Les deux hommes entrèrent à l’intérieur du navire et se dirigèrent vers une sorte d’office rempli de balais, de lavettes et de produits d’entretien dont personne ne s’était visiblement jamais servi. Juan se mit à actionner les poignées d’un bac d’évacuation d’eau avec autant de concentration que s’il composait le code d’un coffre-fort. On entendit un déclic et le mur du fond de l’office s’ouvrit sur une salle dont le sol était recouvert de riches tapis. Le linoléum de mauvaise qualité, les cloisons métalliques à l’aspect tristement utilitaire, tout cela avait disparu. Les murs étaient lambrissés de sombres panneaux d’acajou et les lustres au plafond dispensaient une lumière chaleureuse.

Tout comme le déguisement dont s’était affublé Cabrillo pour duper la marine iranienne, l’apparence du Norego était trompeuse. Ce n’était d’ailleurs pas son véritable nom. En intervertissant les lettres métalliques aimantées sur la proue et sur la poupe, son équipage avait métamorphosé l’Oregon en Norego.

Conçu au départ comme navire de transport de bois de construction, le bâtiment avait écumé le Pacifique pendant presque deux décennies, convoyant le bois du Canada et des USA vers le Japon et d’autres pays d’Asie.
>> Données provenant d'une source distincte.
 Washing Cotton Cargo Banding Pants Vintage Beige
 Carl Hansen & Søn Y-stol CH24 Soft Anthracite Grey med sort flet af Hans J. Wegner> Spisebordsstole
Les ravages du temps commençaient à se faire sentir sur ce bâtiment de onze mille tonnes qui avait jusque-là admirablement servi ses propriétaires. L’Oregon était en fin de carrière. La corrosion attaquait sa coque, et ses moteurs n’étaient plus aussi efficaces qu’au temps de sa jeunesse. Les propriétaires passèrent alors des annonces dans des publications maritimes ; ils pensaient le vendre au prix de la ferraille, à quelques dollars la tonne.

A l’époque, Juan travaillait à la création de la Corporation, et il lui fallait un navire. Il s’était rendu dans de nombreux ports de tous les pays à la recherche de la perle rare. En tombant sur des photographies du transporteur, il comprit qu’il venait de trouver ce dont il avait besoin. Il avait dû surenchérir sur trois chantiers de démolition navale, mais il était finalement parvenu à acheter l’Oregon pour un prix moindre que celui d’un navire plus récent. Peu lui importaient les qualités techniques du transporteur. Ce qu’il recherchait avant tout, c’était l’anonymat.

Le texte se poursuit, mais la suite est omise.